As known in the field, the term “nucleotide” or “nucleic acid” used interchangeably in this article refers to any length of nucleic acid chain, including DNA and RNA. Nucleic acid can be deoxyribonucleic acid, ribonucleic acid, modified nucleic acid or basic group, and/or the analogs thereof, or any substrate that can be incorporated into the chain through DNA or RNA polymerase.
The nucleic acid sequence described in this article can be obtained by designing primers based on the nucleotide sequence disclosed in this article, using the PCR amplification method, or by preparing cDNA libraries for PCR amplification by the skilled in the art.
It should be understood that “wild-type” and “WT” in this disclosure can be used interchangeably; “SA” refers to at least one serine mutated to alanine in the amino acid sequence of the α chain intracellular constant region: “KR” refers to at least one lysine mutated to arginine in the amino acid sequence of the β chain intracellular constant region: “dMUT” refers to the simultaneous presence in the amino acid sequence of the “SA” mutation in α chain intracellular constant region and the “KR” mutation in β chain intracellular constant region.
It should be understood that F5-TCR in the present disclosure refers to a class of TCR that can recognize tumor antigen MART-1, wherein F5-WT TCR F5-SA TCR, F5-KR TCR, and F5-dMUT TCR have the same TCR α chain variable region and TCR β chain variable region. The F5-WT TCR, F5-SA TCR, F5-KR TCR, and F5-dMUT TCR are classified based on different mutations in the α chain intracellular constant region or β chain intracellular constant region.

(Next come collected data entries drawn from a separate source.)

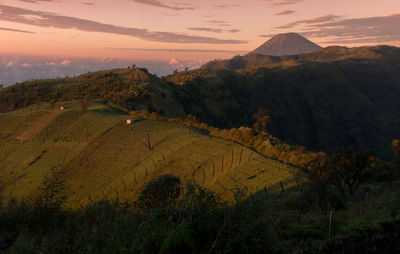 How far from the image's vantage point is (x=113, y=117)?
50.2 meters

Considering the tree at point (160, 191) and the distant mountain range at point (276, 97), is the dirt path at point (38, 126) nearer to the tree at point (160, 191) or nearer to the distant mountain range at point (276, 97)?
the distant mountain range at point (276, 97)

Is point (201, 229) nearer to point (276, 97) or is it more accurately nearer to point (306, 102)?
point (276, 97)

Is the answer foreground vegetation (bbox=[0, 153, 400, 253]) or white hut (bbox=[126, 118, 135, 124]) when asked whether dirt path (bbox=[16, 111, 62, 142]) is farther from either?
foreground vegetation (bbox=[0, 153, 400, 253])

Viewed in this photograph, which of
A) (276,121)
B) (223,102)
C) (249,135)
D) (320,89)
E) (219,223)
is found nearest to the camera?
(219,223)

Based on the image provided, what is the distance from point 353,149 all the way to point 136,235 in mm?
18193

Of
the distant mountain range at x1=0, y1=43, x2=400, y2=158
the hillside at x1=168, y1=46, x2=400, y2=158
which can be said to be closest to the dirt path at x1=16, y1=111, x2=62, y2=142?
the distant mountain range at x1=0, y1=43, x2=400, y2=158

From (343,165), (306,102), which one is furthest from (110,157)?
(306,102)

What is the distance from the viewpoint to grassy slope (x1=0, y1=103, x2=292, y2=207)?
25.6 metres

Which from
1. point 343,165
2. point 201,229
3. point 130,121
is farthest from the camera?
point 130,121

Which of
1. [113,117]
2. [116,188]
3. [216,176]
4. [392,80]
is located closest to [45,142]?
[113,117]

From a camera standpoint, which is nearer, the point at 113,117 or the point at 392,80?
the point at 113,117

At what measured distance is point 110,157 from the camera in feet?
122

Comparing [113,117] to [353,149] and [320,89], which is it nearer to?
[353,149]

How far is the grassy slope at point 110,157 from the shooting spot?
83.9 ft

Similarly, 1G4-TCR in the present disclosure refers to a class of TCR that can recognize tumor antigen NYESO-1, wherein 1G4-WTTCR, 1G4-SATCR, 1G4-KR TCR, or 1G4-dMUTTCR have the same TCR α chain variable region and TCR β chain variable region. The 1G4-WT TCR, 1G4-SA TCR, 1G4-KR TCR, or 1G4-dMUT TCR are classified based on different mutations in the α chain intracellular constant region or β chain intracellular constant region.
“Vector” refers to it can deliver one or more interest genes or sequences into host cells and preferably express the genes or sequences in the host cells. Examples of vectors include but are not limited to viral vectors, plasmids, cosmids, or bacteriophage vectors.
The term “host cell” refers to cells that have introduced exogenous nucleic acids, including the filial generation thereof.
It should be understood that in gene cloning operations, appropriate enzyme cutting sites designed will introduce one or more unrelated residues at both ends of the expressed amino acid sequence, without affecting the activity of the target sequence. The enzyme cutting site includes but is not limited to NotI, BamHI, XhoI, etc.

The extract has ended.